Bigger Dreams. Goal setting is important, but don’t forget your dreams in the day to day. When you are afraid, reach even higher.
Bigger Quality. How can you improve on your quality?
Bigger Knowledge. Take a class. Call a mentor. Read a book. Get into the studio and experiment. It is amazing how learning will spark the creative juices. Learn something new already!
Bigger Reputation. What do you want people to say when your name is mentioned? Make every effort to keep your word, ship on time and offer value every chance you can get.
Bigger Body of Work. Keep on growing. Keep on reaching. Keep on working.The most successful artists are the ones who are faithful to work work work.
Bigger Circle of Friends. Get out there and make sincere connections. Not just for your career but for your sanity. Friends keep you honest, give your ego a healthy boost and make sure you keep some balance. But adding to your professional Rolodex doesn’t hurt either.
Bigger Heart. Be generous with your information. Offer freebies. Donate profits or do work to sell for charity. People love people who aren’t afraid to share their knowledge with them.

These things, added up, will add up to a fulfilling artistic career. And all that will translate into bigger dollars, but all the other “biggers” will ensure that your increasing profits are not temporary, but a natural, permanent growth. And that bigger is definitely better.

Comments

  1. What a great post! I love spending time in the studio just seeing what happens. Most often, it’s a discovery!

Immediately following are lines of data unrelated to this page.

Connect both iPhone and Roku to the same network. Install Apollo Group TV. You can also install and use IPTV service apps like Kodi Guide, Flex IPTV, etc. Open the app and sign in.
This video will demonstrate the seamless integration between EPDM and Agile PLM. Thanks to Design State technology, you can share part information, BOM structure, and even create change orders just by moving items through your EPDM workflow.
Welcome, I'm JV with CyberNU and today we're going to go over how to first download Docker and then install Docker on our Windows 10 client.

  2. I think I accidentally deleted the following post from quinncreative. Sorry!

    Hey Anne-Marie–
    Not busting chops at all. Just being careful and up-front. When I did art shows, I did a number of religious conventions. I always mentioned that I wasn’t Christian in my application. Some conventions were inclusive, others thought it violated the purpose of their convention. Totally up to them.

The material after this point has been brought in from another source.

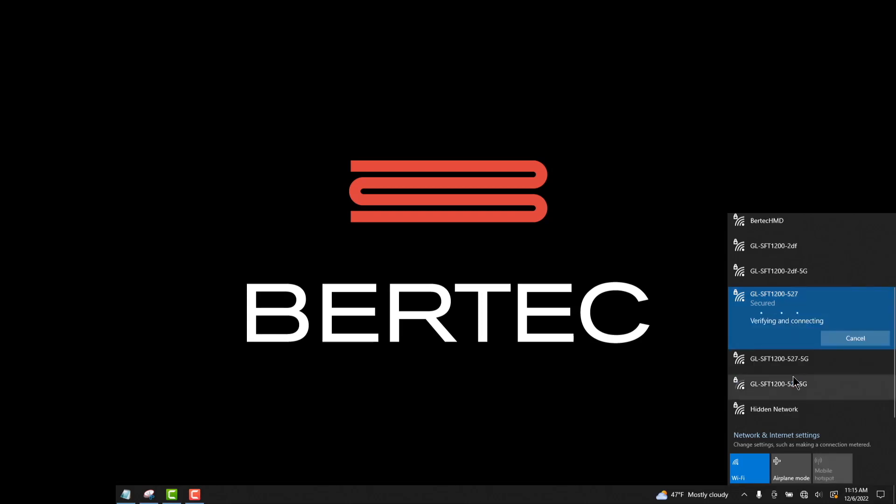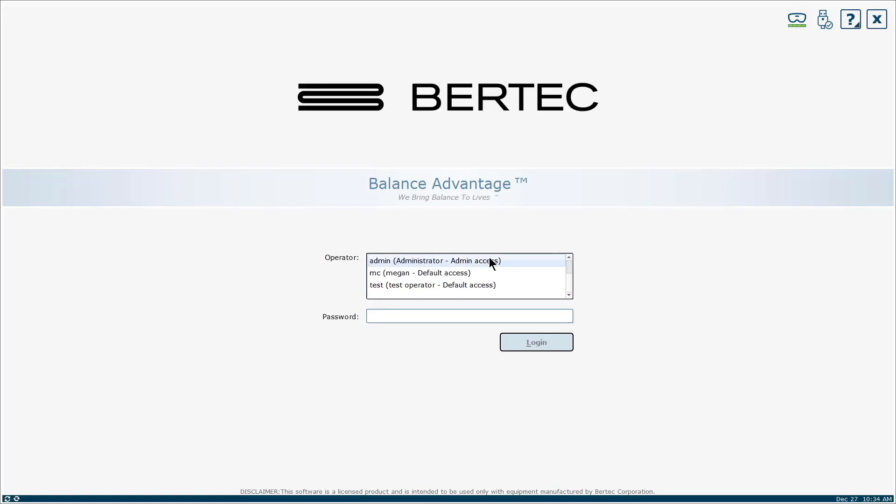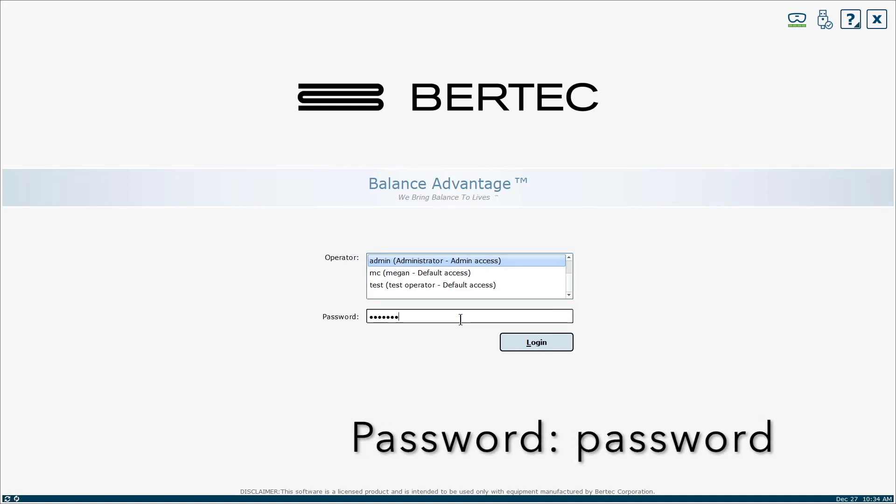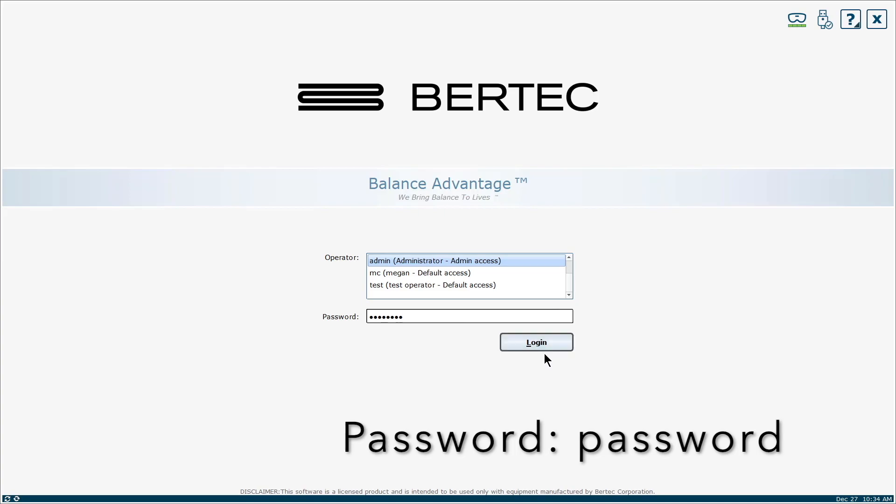It will then take a second to connect, but once you are done, you can log in to Balance Advantage. Log in to Balance Advantage with your system's credentials. The default login is Administrator and the password is Password in all lowercase.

    I loved the comment about praying to win. That was funny! I rarely pray for personal gain, but it may be worth it. Those brass rules are very cool!

  3. …and about praying for personal gain. If Christians would spend more time in prayer for others’ needs instead of their own I believe the world would be a better place.

    And these rules really are cool. :) Even if you don’t win you should totally buy some.